El ambient y las puertas del campo

Y precisamente, lo que más me interesa del ambient en 2020 es precisamente lo contrario a esa tesis. Que el ambient, como un universo inflacionario, no deje nunca de extender su superficie. Hace muchos años, nos esforzábamos mucho por explicar la distinción entre ambient y new age: el ambient, decíamos, tiene un concepto detrás, es música que suena de fondo pero que puedes (y quizá) debes ignorar, no tiene una función, es como una obra de arte –es música de museo–, y por tanto es más intelectualmente respetable, mientras que la new age es música para dormir, para practicar yoga, una mierda para hippies. Luego llegaron The KLF y The Orb y al ambient le pusimos beats de house, y eso sí era ambient de verdad porque tenía carga conceptual y filo, porque era el reverso relajado de la explosión rave.

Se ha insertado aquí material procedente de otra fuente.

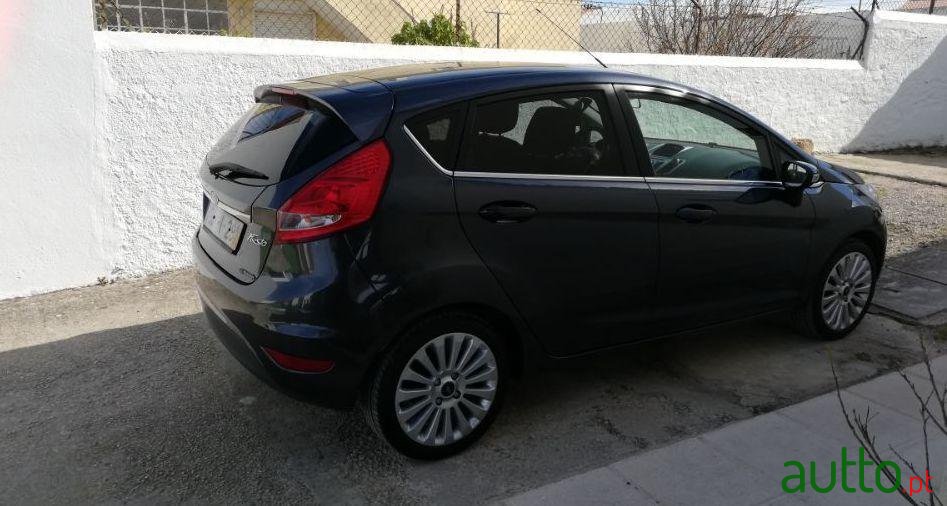 2009' Ford Fiesta Titanium photo #2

Pero el ambient es un asunto complicado, y de repente entraron familias como el lowecase –la música que casi no se oye–, los drones, los clicks’n’cuts, el techno de Detroit cuando le quitas los beats y se quedan solo los centrifugados atmosféricos, los interludios del drum’n’bass, la IDM, luego el vaporwave, la hauntology y el aislacionismo. Aún se complicó más la cosa cuando los disidentes de la música clásica empezaron a unir sintetizadores y pentagramas, y también cuando se puso de moda hacerte tu propio sinte modular, y encima componer bandas sonoras de éxito con él, con lo que la familia ambient se ampliaba desde Tangerine Dream en películas de Michael Mann a Oneohtrix Point Never en producciones de Netflix. Y de repente, en ese terreno tan grande, no tenía sentido marginar a nadie y se volvió a abrir la puerta a la new age, y al muzak, y al ambient vocal, y ojalá quepan muchas más cosas.

¿El ambient ya no es lo que era? Podríamos responder como Fernando Fernán Gómez, pero ya hemos utilizado esa palabra dos veces, y no es plan. Pero si el ambient es textura, superficie, expansión y la sensación del infinito flotando en un aura o burbuja que nos envuelve, cuanto más ambient haya, mejor será. Para el ambient en sí, y para nosotros también. Lo que menos necesita la escena es que le delimiten parcelas y le pongan límites los intensitos, que básicamente son protectores de su cortijo con miedo a perder terreno.